Collected data entries
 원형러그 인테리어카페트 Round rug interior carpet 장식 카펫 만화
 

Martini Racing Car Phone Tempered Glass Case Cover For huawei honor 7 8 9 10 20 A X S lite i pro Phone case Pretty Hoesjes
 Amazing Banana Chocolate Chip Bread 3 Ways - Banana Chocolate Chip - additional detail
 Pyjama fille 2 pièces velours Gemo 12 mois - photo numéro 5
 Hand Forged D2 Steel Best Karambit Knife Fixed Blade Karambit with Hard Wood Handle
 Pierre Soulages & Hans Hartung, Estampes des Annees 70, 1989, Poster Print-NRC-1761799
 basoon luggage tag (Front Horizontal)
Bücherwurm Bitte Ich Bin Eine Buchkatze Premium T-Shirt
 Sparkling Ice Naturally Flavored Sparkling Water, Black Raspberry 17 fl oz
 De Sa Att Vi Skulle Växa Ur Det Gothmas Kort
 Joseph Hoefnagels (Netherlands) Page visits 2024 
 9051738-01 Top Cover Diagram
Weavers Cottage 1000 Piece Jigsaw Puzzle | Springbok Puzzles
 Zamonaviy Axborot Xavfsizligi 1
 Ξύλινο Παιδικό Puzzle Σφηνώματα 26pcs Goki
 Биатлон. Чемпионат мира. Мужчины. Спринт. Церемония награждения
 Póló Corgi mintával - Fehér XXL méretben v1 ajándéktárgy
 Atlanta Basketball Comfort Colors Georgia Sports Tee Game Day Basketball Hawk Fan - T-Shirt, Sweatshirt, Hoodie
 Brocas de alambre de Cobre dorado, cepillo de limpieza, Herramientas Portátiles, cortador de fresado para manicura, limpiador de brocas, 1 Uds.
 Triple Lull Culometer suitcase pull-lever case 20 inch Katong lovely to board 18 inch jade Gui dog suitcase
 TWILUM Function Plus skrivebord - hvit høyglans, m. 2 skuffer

■ **What this task involves**:
Produce an exact copy of the entries above.

■ **Answer box**:
 원형러그 인테리어카페트 Round rug interior carpet 장식 카펫 만화
 

Martini Racing Car Phone Tempered Glass Case Cover For huawei honor 7 8 9 10 20 A X S lite i pro Phone case Pretty Hoesjes
 Amazing Banana Chocolate Chip Bread 3 Ways - Banana Chocolate Chip - additional detail
 Pyjama fille 2 pièces velours Gemo 12 mois - photo numéro 5
 Hand Forged D2 Steel Best Karambit Knife Fixed Blade Karambit with Hard Wood Handle
 Pierre Soulages & Hans Hartung, Estampes des Annees 70, 1989, Poster Print-NRC-1761799
 basoon luggage tag (Front Horizontal)
Bücherwurm Bitte Ich Bin Eine Buchkatze Premium T-Shirt
 Sparkling Ice Naturally Flavored Sparkling Water, Black Raspberry 17 fl oz
 De Sa Att Vi Skulle Växa Ur Det Gothmas Kort
 Joseph Hoefnagels (Netherlands) Page visits 2024 
 9051738-01 Top Cover Diagram
Weavers Cottage 1000 Piece Jigsaw Puzzle | Springbok Puzzles
 Zamonaviy Axborot Xavfsizligi 1
 Ξύλινο Παιδικό Puzzle Σφηνώματα 26pcs Goki
 Биатлон. Чемпионат мира. Мужчины. Спринт. Церемония награждения
 Póló Corgi mintával - Fehér XXL méretben v1 ajándéktárgy
 Atlanta Basketball Comfort Colors Georgia Sports Tee Game Day Basketball Hawk Fan - T-Shirt, Sweatshirt, Hoodie
 Brocas de alambre de Cobre dorado, cepillo de limpieza, Herramientas Portátiles, cortador de fresado para manicura, limpiador de brocas, 1 Uds.
 Triple Lull Culometer suitcase pull-lever case 20 inch Katong lovely to board 18 inch jade Gui dog suitcase
 TWILUM Function Plus skrivebord - hvit høyglans, m. 2 skuffer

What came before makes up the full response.